Economic growth models (i.e. production functions) are commonly written assuming that growth results from investments in three areas: labour (hours worked), capital (intellectual knowledge and physical infrastructure), and energy (consumption or services from consuming energy). Research from the last several years, with particularly keen contributions by Robert Ayres of INSEAD, shows that for developed economies to grow in modern times, investments in labor are relatively insignificant. However, investments in capital and energy enable almost all economic growth with each category contributing roughly the same impact. Therefore, with the current economic discussions focusing on how to decrease the unemployment rate, we shouldn’t expect robust economic growth if employment increases soon, and vice versa. This is exactly what is behind the “jobless recovery” that economist and politicians spoke of earlier this decade and that we are discovering may be happening again. The recovery is jobless in the United States and other developed economies, but not in developing economies where labour is cheaper. See the video from Meet the Press at www.msnbc.msn.com/id/34386643/ns/meet_the_press/
So how do we envision what will happen with a transition to a “green economy”? Some of the US stimulus money is meant to facilitate this transition. During Meet the Press this Sunday, Jennifer Granholm, the governor of Michigan (home of the US auto industry) held up an article from the Detroit Free Press (www.freep.com/article/20091213/SPECIAL04/312130004/1318/Auto-supplier-turns-trouble-to-triumph-by-venturing-into-turbines from minute 7:30) indicating that at least one automotive supply company has changed focus to adjust to a changing economy. Instead of waiting for a rebirth of the auto industry, the company changed to manufacturing parts for wind turbines using the same basic set of tools and skills from the existing workforce.
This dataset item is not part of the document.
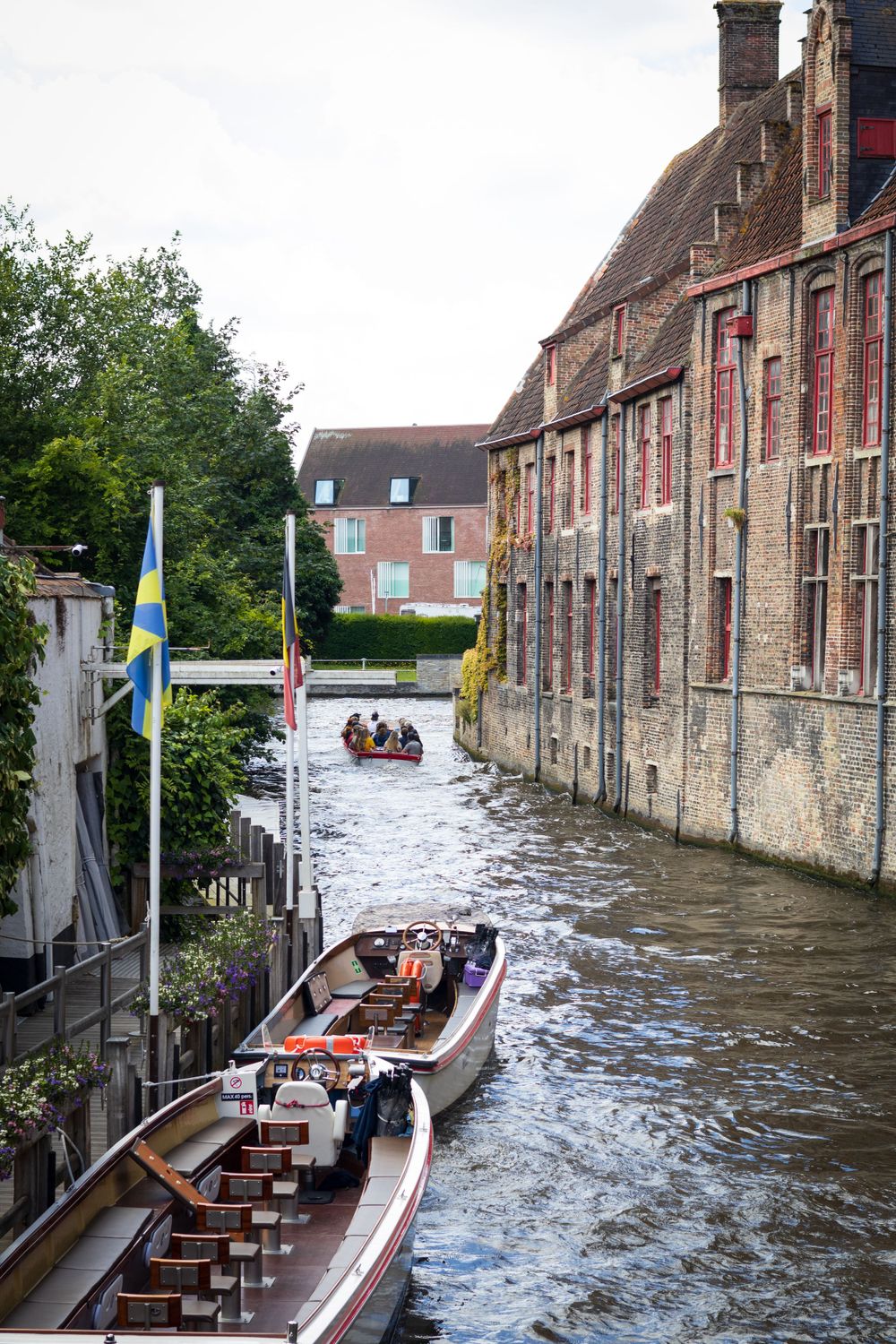 Tourist boats navigate through narrow canal between historic stone buildings in Bruges.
The question we can ask ourselves is: “Does making wind turbines instead of automobiles facilitate more jobs and/or more economic growth?” I certainly do not know that answer, but it seems the path to understanding should focus upon what service is being provided. The auto industry provides transportation and facilitates trade of goods via shipping. The wind turbines provide electricity as a service to homes, businesses, and factories. If electric vehicles become prominent, then electricity will begin to provide transportation services as well.
Businesses and governments are striving to create new ways to provide the same services, and it is not clear if these are fundamentally transformational or if they simply represent a diminishing return of investment of time, labour, money, and energy. Increasing efficiency in energy usage induced from the Arab oil embargoes of the 1970s showed that there was much to gain from using less energy to provide and expand the same services. Certainly there is less room for improvement now, but many claim that there is still so much room for efficiency improvements that economic growth can reoccur easily. However, to me it is not clear if investments in using more information in a smart utility grid will be sufficiently offset by increased energy efficiency. Putting insulation in your home is simple and straightforward and easily measureable. Installing a smart meter that communicates with your mobile phone so you can communicate with household and commercial appliances, heaters, and air-conditioners is significantly more investment in complexity. Measuring if that investment produces returns that outweigh that complexity will be more difficult to determine, but that is now on the agenda of many companies after the recent awards of US stimulus money for smart grid projects throughout the US.